■ **Record extracts**:

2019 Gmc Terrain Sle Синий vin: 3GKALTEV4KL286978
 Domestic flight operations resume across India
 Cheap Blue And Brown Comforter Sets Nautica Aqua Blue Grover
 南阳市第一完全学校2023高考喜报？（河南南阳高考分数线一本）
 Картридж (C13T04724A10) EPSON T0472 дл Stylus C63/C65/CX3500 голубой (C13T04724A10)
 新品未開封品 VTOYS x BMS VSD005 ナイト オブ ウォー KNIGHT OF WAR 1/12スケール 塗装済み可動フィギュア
--
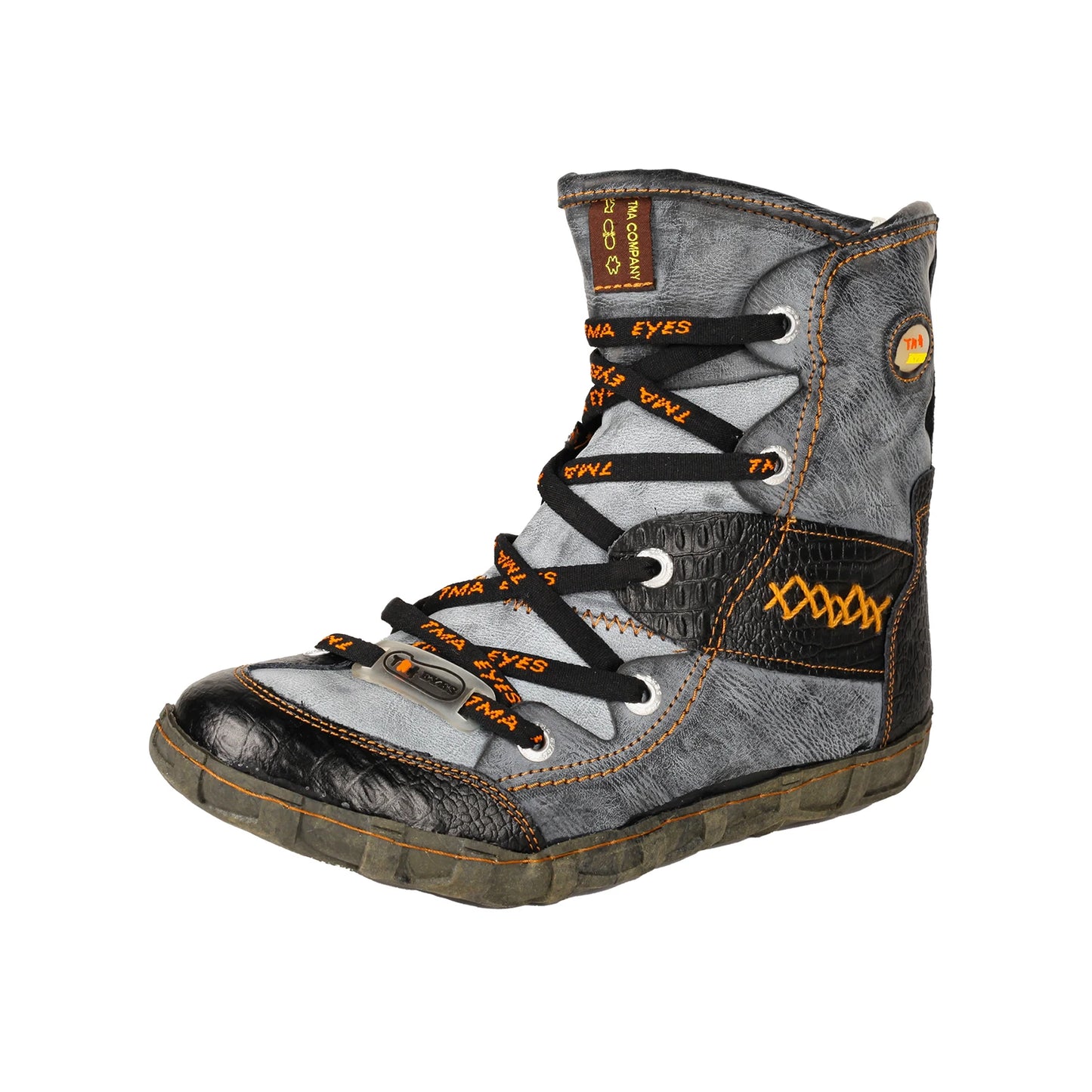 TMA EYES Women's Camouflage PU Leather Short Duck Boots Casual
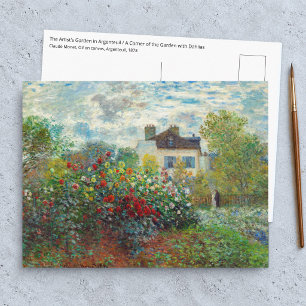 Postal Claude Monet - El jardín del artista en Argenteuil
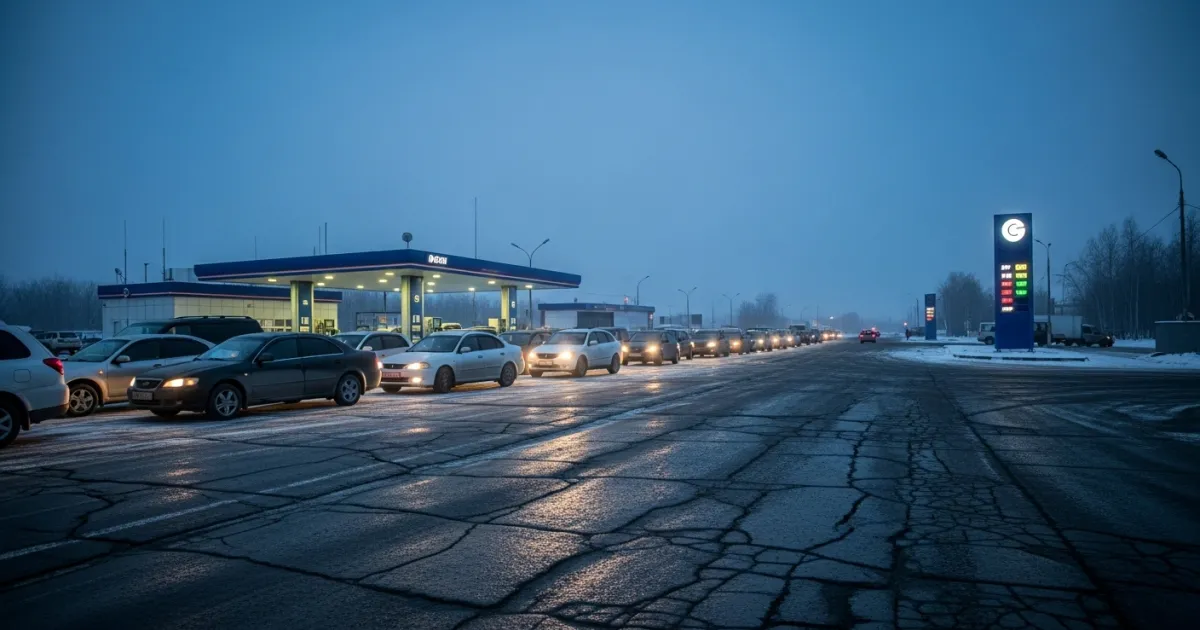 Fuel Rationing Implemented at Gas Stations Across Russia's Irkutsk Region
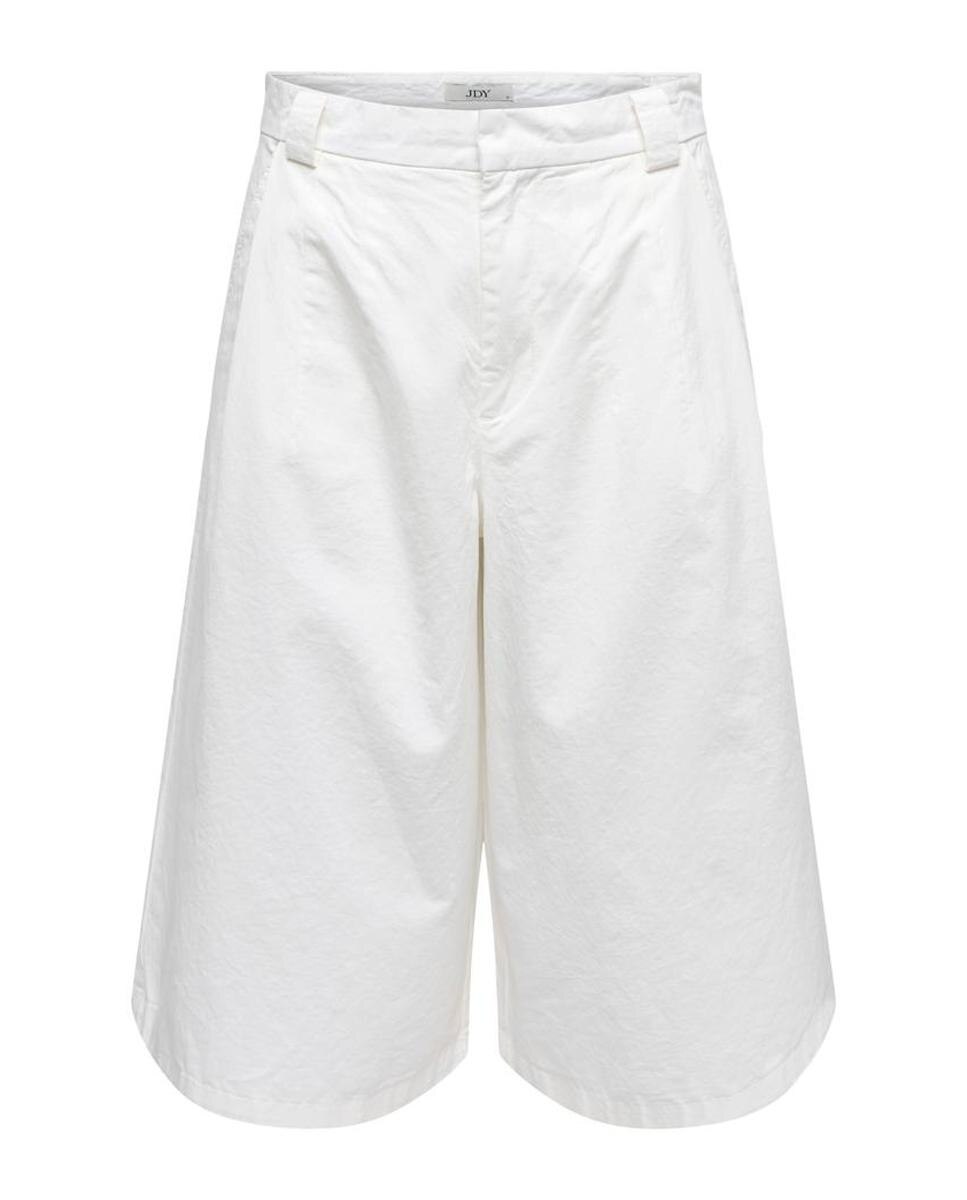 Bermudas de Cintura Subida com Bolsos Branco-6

■ **Task directions**:
From the records above, reproduce exactly the lines from the one with "Cheap Blue And" to the one with "新品未開封品 VTOYS x", both included, and no others.

■ **Solution below**:
 Cheap Blue And Brown Comforter Sets Nautica Aqua Blue Grover
 南阳市第一完全学校2023高考喜报？（河南南阳高考分数线一本）
 Картридж (C13T04724A10) EPSON T0472 дл Stylus C63/C65/CX3500 голубой (C13T04724A10)
 新品未開封品 VTOYS x BMS VSD005 ナイト オブ ウォー KNIGHT OF WAR 1/12スケール 塗装済み可動フィギュア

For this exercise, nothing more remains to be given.